FAA Requested To Clear Up Drug-testing Confusion by Aviation Industry
Written by Lucas Kibby, CleanFleet
Sixteen aviation organizations and businesses wrote the FAA on February 15 asking the U.S. Federal Aviation Administration (FAA) to clarify the applicability of drug and alcohol testing requirements to workers who are involved in receiving items for stock.
These organizations are seeking a legal interpretation of the requirements after reports found that some FAA auditors viewed receiving responsibilities as safety-sensitive functions and thus covered under drug and alcohol testing requirements.

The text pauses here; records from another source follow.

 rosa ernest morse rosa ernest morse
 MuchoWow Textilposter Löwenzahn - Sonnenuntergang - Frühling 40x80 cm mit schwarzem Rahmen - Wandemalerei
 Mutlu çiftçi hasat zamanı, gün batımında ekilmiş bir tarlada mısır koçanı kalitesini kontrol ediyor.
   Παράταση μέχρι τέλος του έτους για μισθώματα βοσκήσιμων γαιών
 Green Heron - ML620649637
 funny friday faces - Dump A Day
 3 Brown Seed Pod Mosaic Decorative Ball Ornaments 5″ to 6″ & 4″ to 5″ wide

A letter signed by organizations such as the National Air Transportation Association and General Aviation Manufacturers Association, as well as companies such as Gulfstream said, “A receiving process simply verifies that incoming parts or materials are what they purport to be and that there are no obvious reasons to question a previous determination of airworthiness.”

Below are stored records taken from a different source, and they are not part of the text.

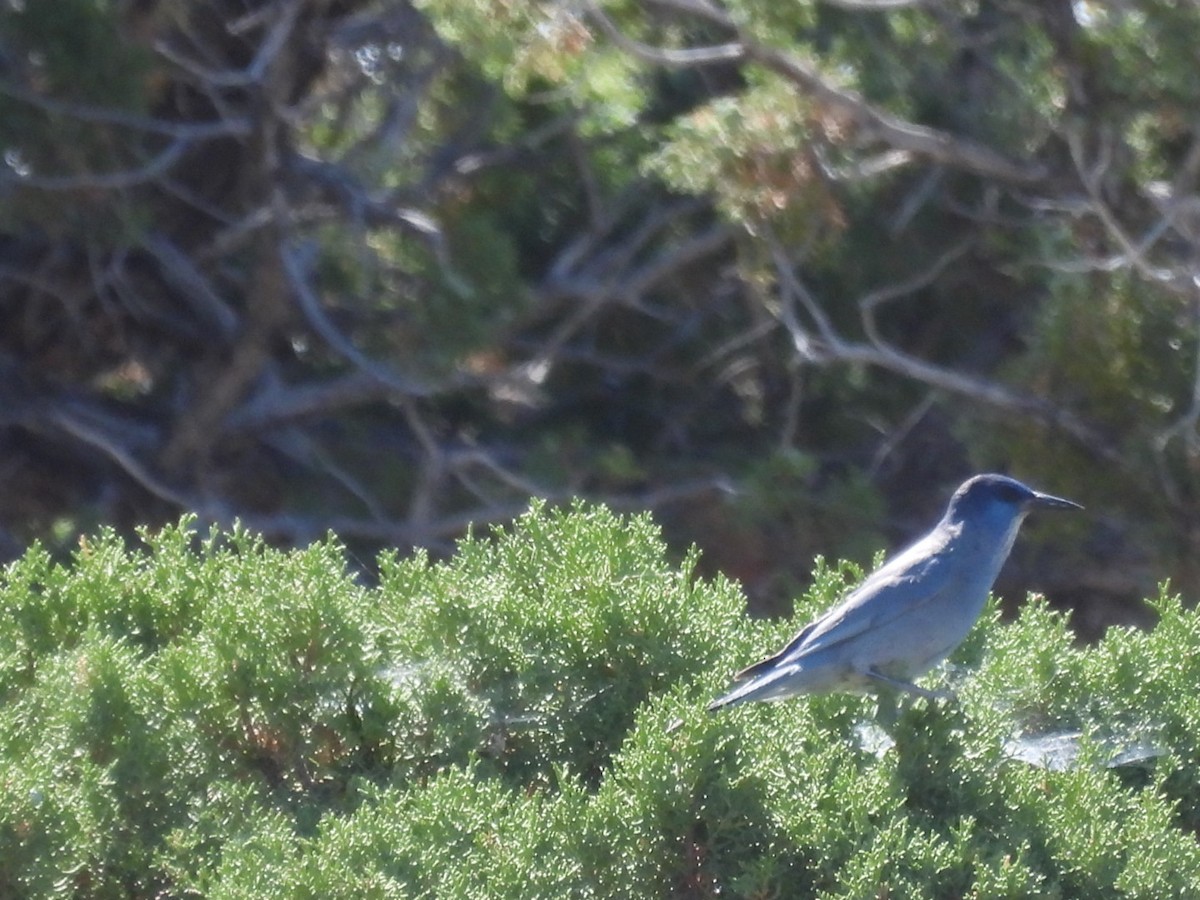 Pinyon Jay - ML620621185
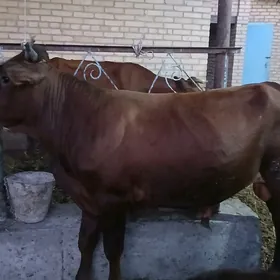 Òkúz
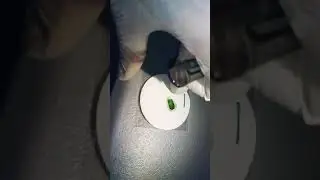 How to determine cannabis plant sex early!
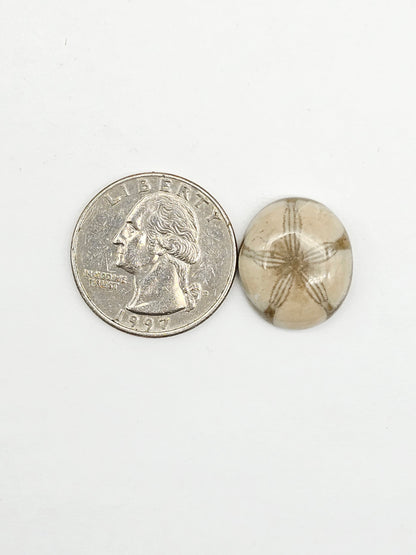 Sea Urchin (Sand Dollar) Fossil Cabochon – Mexican Echinoid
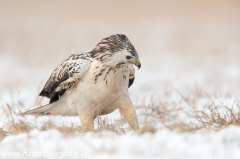 777 Mäusebussard - Buteo buteo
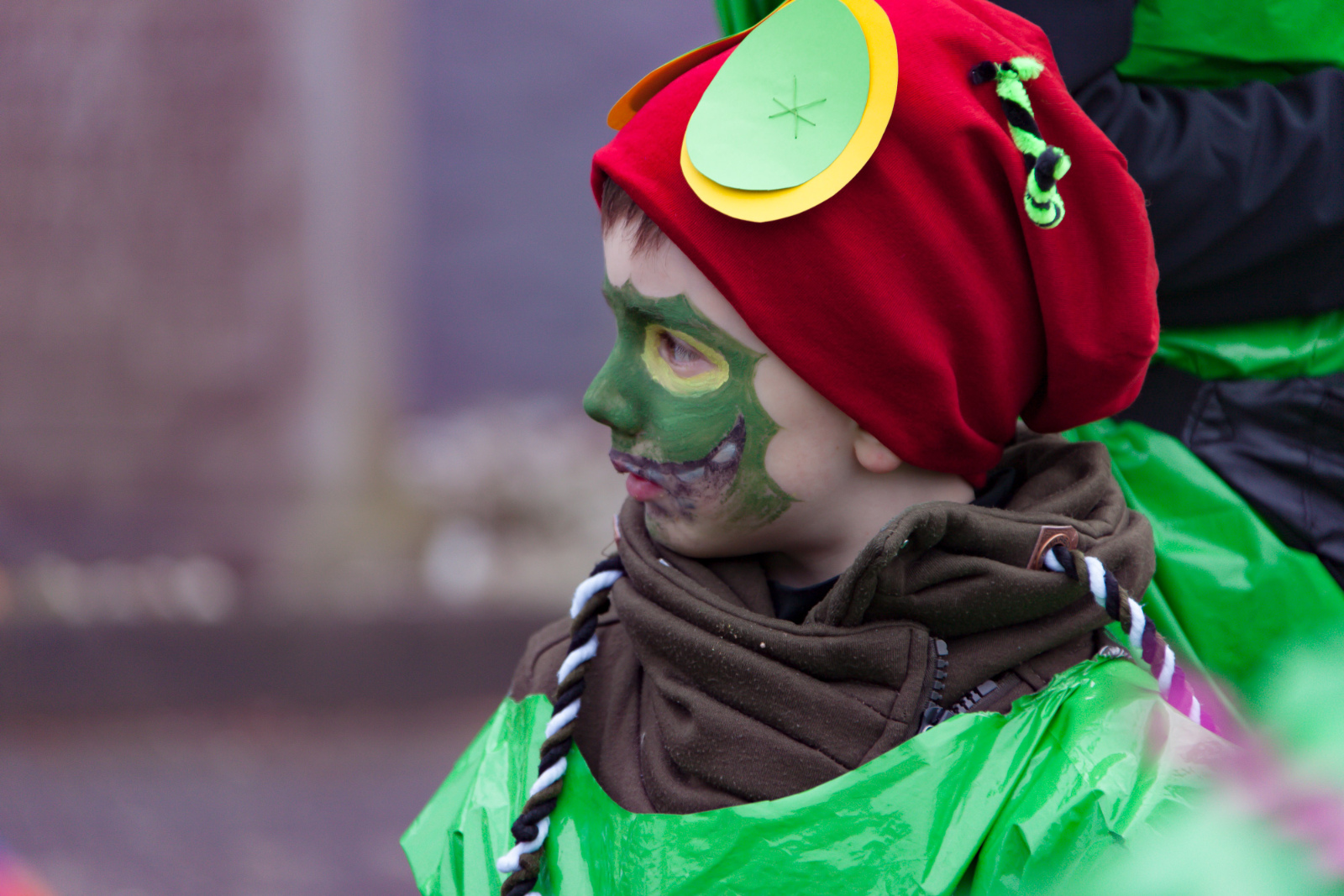 Karneval Rheinbreitbach2017 0386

According to AIN Online, the letter adds that receiving activities do not require the creation of a maintenance record. “Therefore, they are not safety-sensitive functions under [the drug and alcohol testing requirements of 14 CFR] Part 120.”
Historically, agency guidance has not included either distributing or receiving parts in maintenance or preventive maintenance duties, the organizations agreed.
But the letter noted auditors who “have informally opined that personnel conducting tasks associated solely with receiving items for stock are performing maintenance and are therefore engaged in safety-sensitive functions,” and added, “This expansive interpretation would result in the misclassification of employees, thereby diluting random testing pools with non-safety-sensitive personnel.”